→ ASSIGNMENT: Print, in exact form, the lines below from the one containing "Two women are" through the one containing "Ein Servicetechniker trägt", and omit all others.
*** DATASET EXTRACT Section Begins ***
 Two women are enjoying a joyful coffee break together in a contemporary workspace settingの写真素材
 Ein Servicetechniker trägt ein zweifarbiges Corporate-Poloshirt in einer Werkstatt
*** DATASET EXTRACT Section Ends ***
*** DATASET EXTRACT Section Begins ***
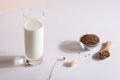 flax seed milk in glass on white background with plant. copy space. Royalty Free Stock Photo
*** DATASET EXTRACT Section Ends ***
*** DATASET EXTRACT Section Begins ***
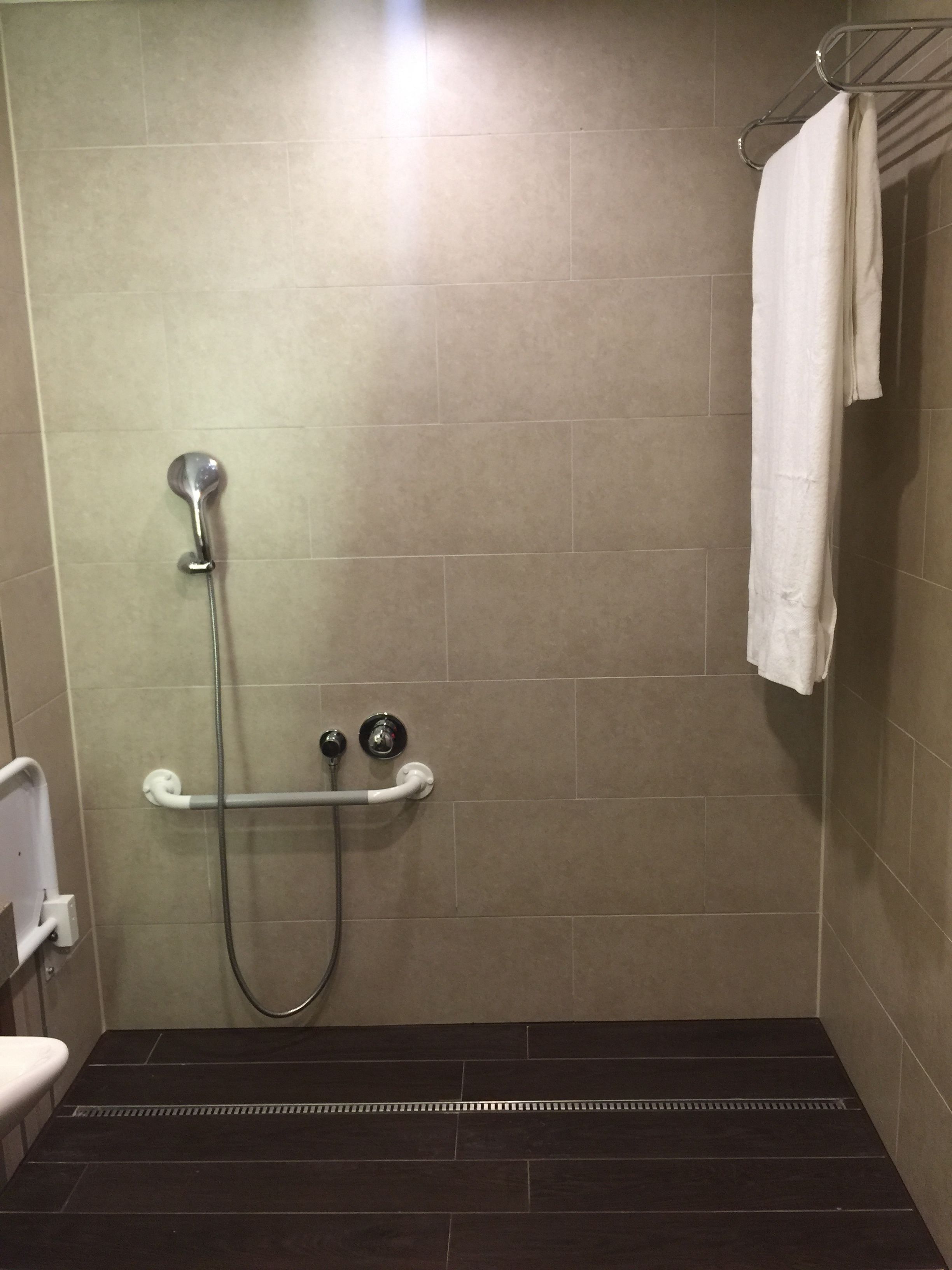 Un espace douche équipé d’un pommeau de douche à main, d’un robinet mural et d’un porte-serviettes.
*** DATASET EXTRACT Section Ends ***
→ REPLY TO THE EXERCISE:
 Two women are enjoying a joyful coffee break together in a contemporary workspace settingの写真素材
 Ein Servicetechniker trägt ein zweifarbiges Corporate-Poloshirt in einer Werkstatt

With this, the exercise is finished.